Cutting the military’s energy tether
U.S. investigating ways to conserve fuel in the field
The average U.S. soldier on a 72-hour patrol carries between 10 and 20 pounds of batteries.
There are seven kinds of batteries that power flashlights, GPS devices, night-vision gear, and other equipment considered essential for the modern soldier. Including spares, a soldier lugs 70 batteries, along with the devices themselves, weapons, food, water, and other necessities.
All together, the modern soldier is carrying so much weight that it can interfere with his mobility and lead to injuries.
“We’re seeing pack weights of 130 pounds these days,” said Sharon Burke, assistant secretary of defense for operational energy plans and programs. “You can’t carry 130 pounds without turning up with injuries.”
The soldiers’ battery burden is just the tip of the military’s energy problem, Burke said. Heavily armored vehicles get just 4 miles per gallon. Air conditioners, computers, and other equipment at forward operating bases are powered by inefficient generators, at an enormous cost in fuel, requiring constant resupply. Delivering the fuel to where it is needed requires soldiers to protect the ferrying convoys, and costs both money and lives.
The Defense Department is waking up to the enormous burden placed on it by its energy use, Burke said, and is beginning to search for ways to release the military from “the tether of fuel.”
Burke, who was sworn in to her job last June, spoke at the Science Center Wednesday (March 2) as part of the Harvard University Center for the Environment’s (HUCE) Future of Energy lecture series. She was introduced by HUCE Director Dan Schrag, Sturgis Hooper Professor of Geology and professor of environmental science and engineering. Schrag said Burke is the first to hold her position and has been charged with re-examining how the military uses energy from top to bottom.
Her post was created as the realization dawned that the military’s thirst for fuel presented both logistical and budgetary problems. A spike in oil prices exacts an enormous cost for the military, which is the largest institutional user of oil in the nation, and probably the world, Burke said.
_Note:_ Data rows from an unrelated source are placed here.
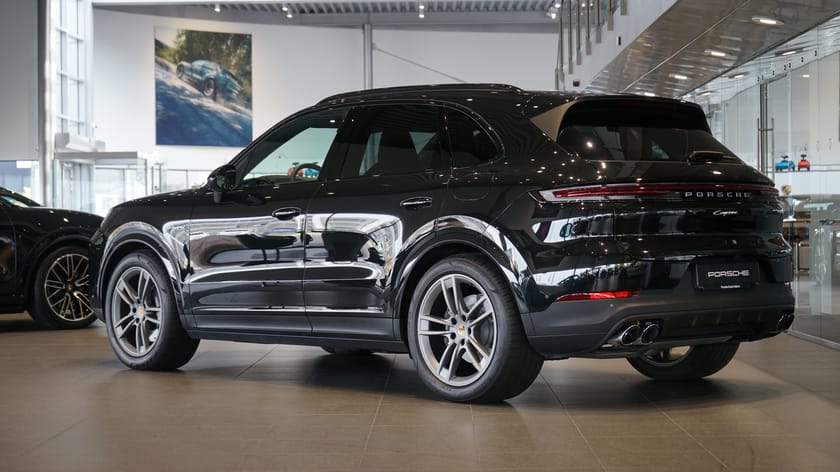 Bild 2 av Porsche Cayenne E-Hybrid 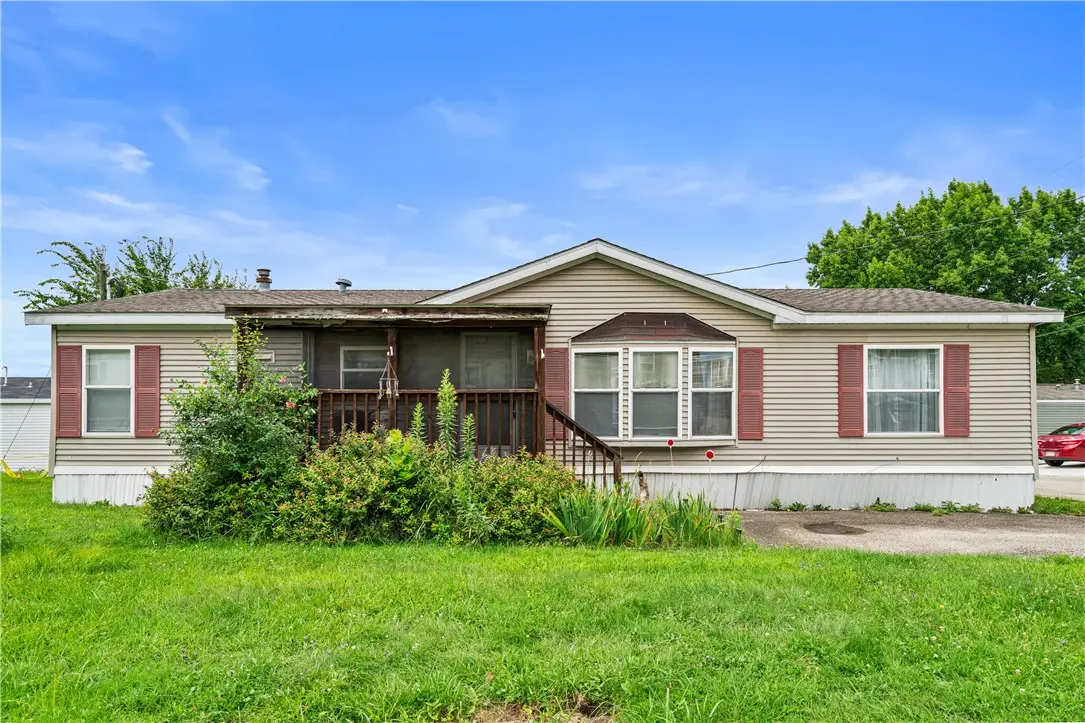 736 Regent Dr, Washington, PA 15301 - #1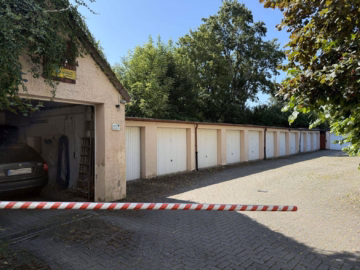 Sarstedt: Ca. 1.321 m² Hoffläche mit 15 Garagen und zwei Gärten, 31157 Sarstedt, Stellplatz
The U.S. military accounts for 1 percent of the nation’s energy consumption, which translates into a $13.7 billion fuel bill in fiscal 2010, when the military consumed 160 million barrels of oil. In 2008, when oil prices spiked, fuel cost $20 billion.
“My job is to transform the way the military uses energy,” Burke said.
The military accounts for 80 percent of federal energy use, and 75 percent of the military’s energy consumption goes for operational purposes. Though the official price of a gallon of fuel within the military is set at $3.03, Burke said that the actual cost of fuel delivered, depending on the difficulty transporting it and protection needs, can be as high as $50 a gallon.
To some extent, Burke said, the military can’t avoid using enormous amounts of energy. Its multiple missions demand operating aircraft carriers, maintaining 150,000 troops in Afghanistan and Iraq, fighting terrorists around the world, and providing relief to besieged places like earthquake-stricken Haiti. The military employs 3 million people in operations around the globe that are projected to cost more than $600 billion in fiscal 2012.
Because the Defense Department’s security mission is considered critical, it is under different constraints than a global business that might be able to cut operations to save money. These realities, coupled with the likelihood of increased energy competition globally as India and China continue to grow economically, have reinforced the push to develop energy-saving technology for the military.
Initiatives already under way include establishing a five-year, $150 million fund to finance innovations; developing a hybrid electric drive for Navy ships; using simulators along with actual flights for Air Force training; adding logistical considerations to war games; and developing more energy-saving equipment for troops in the field.
As an example of the last goal, Burke told a story of tent usage in Iraq. One large tent used as a gymnasium required six generators to power the air conditioning, and even then the temperature was only lowered to 90 degrees. The problem, of course, was that a tent isn’t insulated well, so much of the cooling was lost to the desert.
“People were dying so we can vent our air conditioning to the desert,” Burke said.
Someone came up with the idea of spraying insulation on the tents, which had an immediate impact, causing three of the generators to cycle off so rapidly that the facility manager thought they had broken down.
The idea of insulating tents spread, but was ultimately abandoned because of problems with the insulating material, with disposal, and because insulated tents could not be moved rapidly. Burke said the Defense Department has since developed tents made of insulating materials with flexible solar panels sewn right in.
In Afghanistan, a company of soldiers is testing energy-saving technology in a frontline situation, relying on solar panels on tents, solar-powered lights, and stand-alone solar panels to recharge batteries — together cutting the company’s generator fuel consumption from 20 to 2.5 gallons a day. That drop means fewer fuel convoys which, in that part of Afghanistan, are almost certain to be attacked.
With its size and influence, Burke said, the Defense Department’s energy-saving efforts have the potential to have a broader effect, crossing over to the civilian world.
“We have the chance to be a major driver and innovator of change,” Burke said.